Task prompt >> Images are not part of the copy; write out the rest of the data exactly as given.

Recorded data >>

----

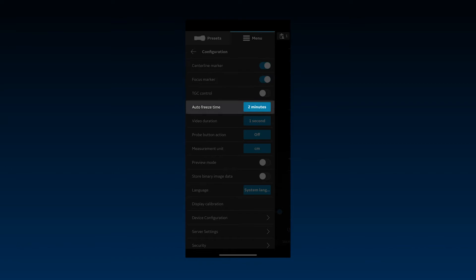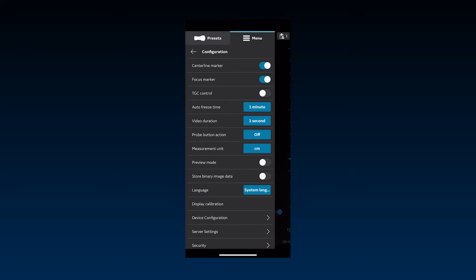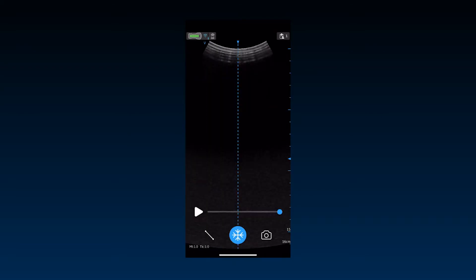Auto freeze time can be used to set the time after which the device will go into freeze mode when not being used, or when there are no user interface interactions on the screen. You can choose between 1, 2, 3, 5, or 10 minutes. It's important to note that a connected probe continues to use battery even when not actively scanning.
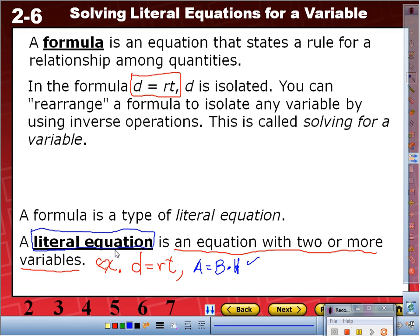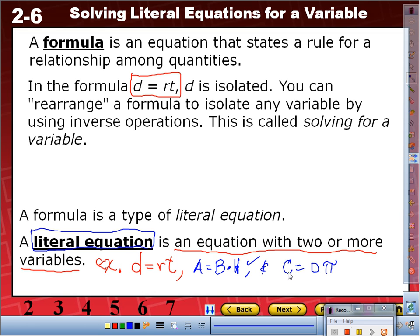For the triangle, we need to divide by two at the end. And another example of a literal equation: the circumference of a circle is C equals diameter times pi. Is that more than two variables? Yes. So it's a formula, but it's also a literal equation.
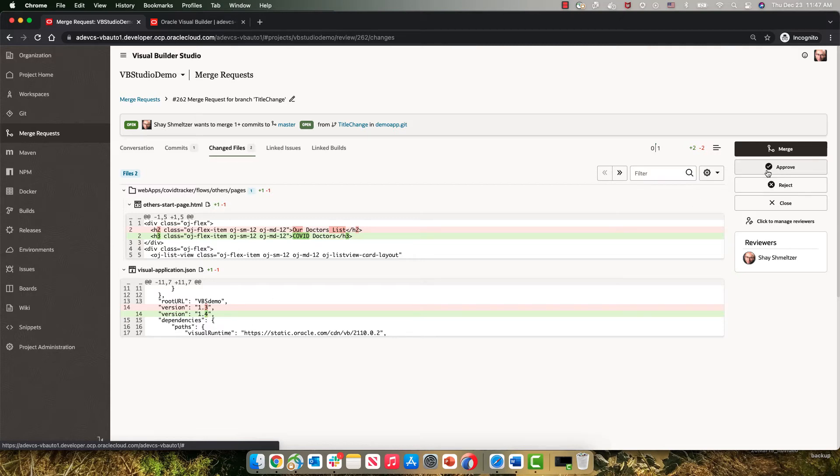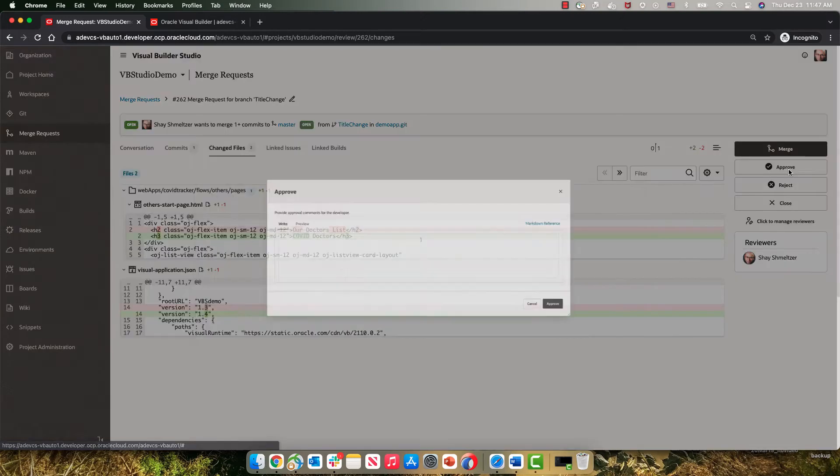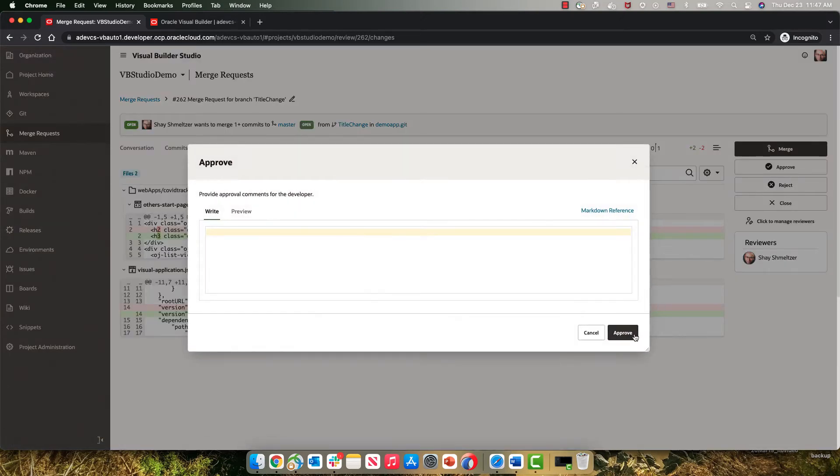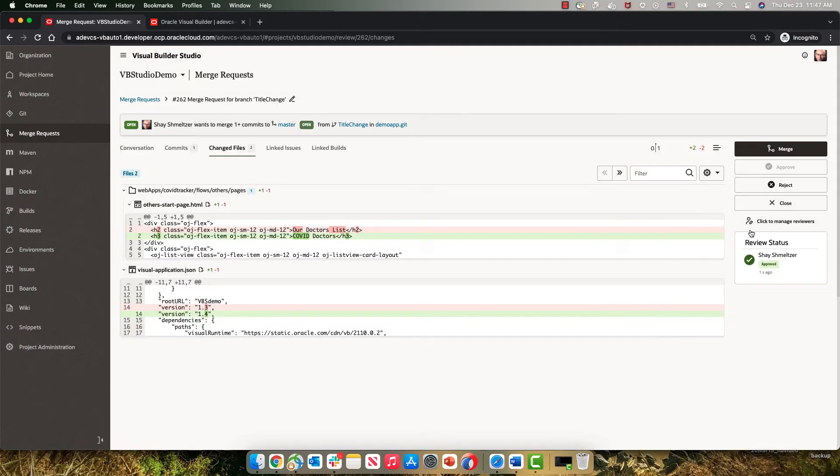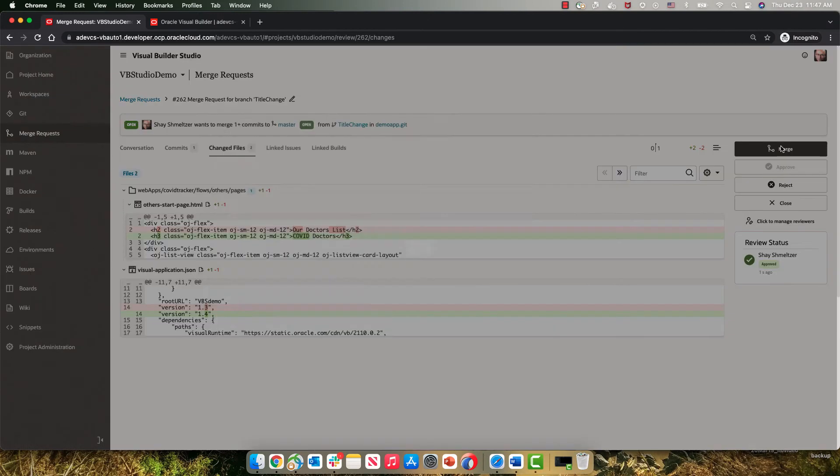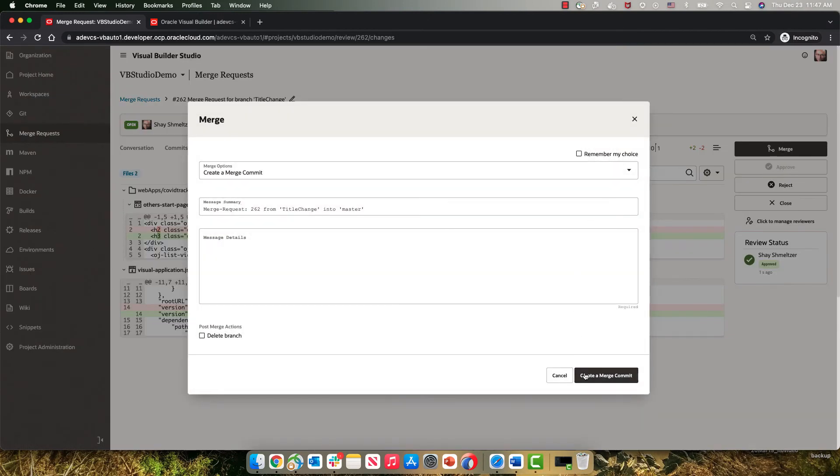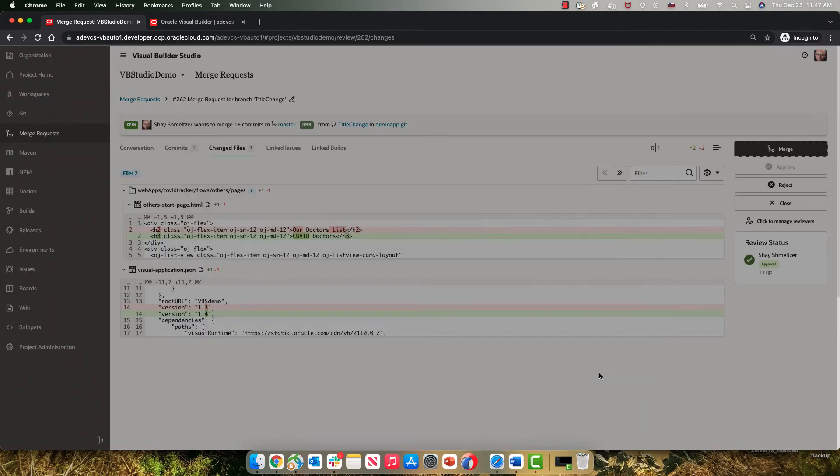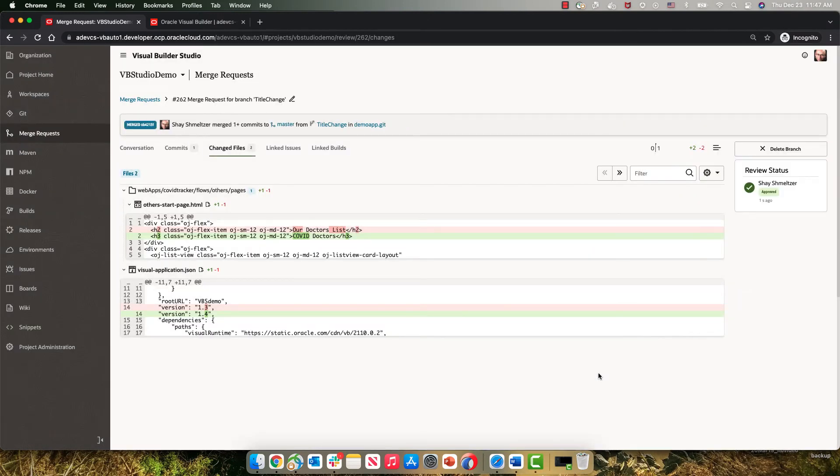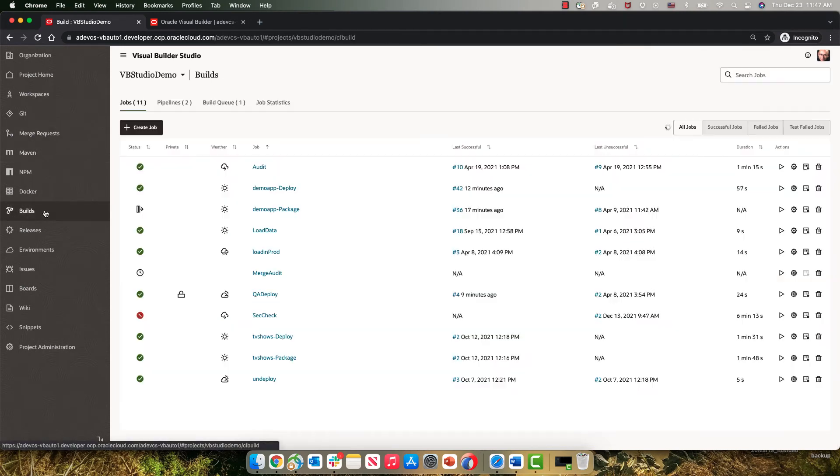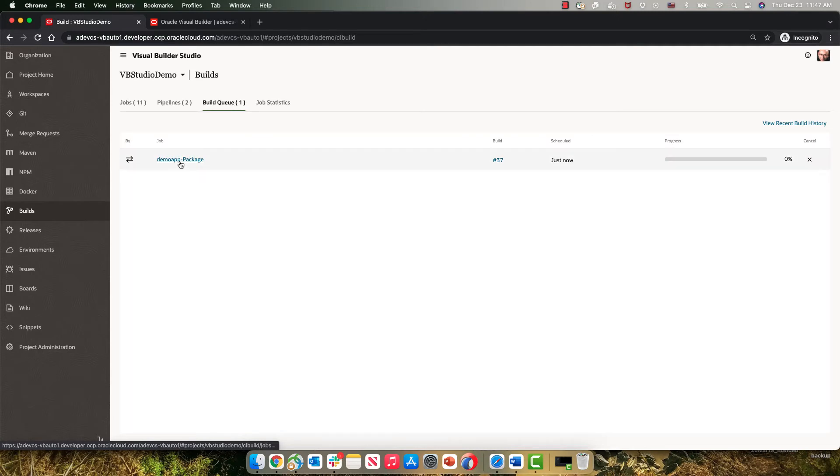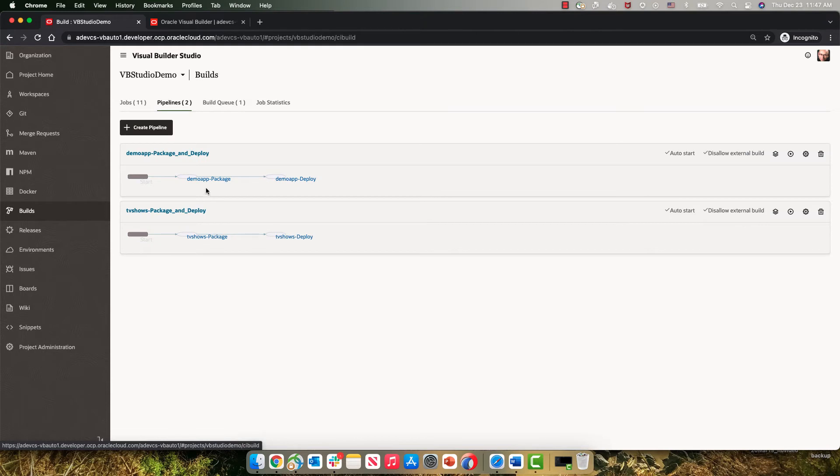If we're okay with the changes, we can approve them and then merge them into the master branch. All right, when we merge into the master branch, this is going to queue up a build job for us called Demo Package. Demo Package is also part of a pipeline that does the package and the deploy steps here.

----

Exercise answer >>
Auto freeze time can be used to set the time after which the device will go into freeze mode when not being used, or when there are no user interface interactions on the screen. You can choose between 1, 2, 3, 5, or 10 minutes. It's important to note that a connected probe continues to use battery even when not actively scanning.
For the triangle, we need to divide by two at the end. And another example of a literal equation: the circumference of a circle is C equals diameter times pi. Is that more than two variables? Yes. So it's a formula, but it's also a literal equation.
If we're okay with the changes, we can approve them and then merge them into the master branch. All right, when we merge into the master branch, this is going to queue up a build job for us called Demo Package. Demo Package is also part of a pipeline that does the package and the deploy steps here.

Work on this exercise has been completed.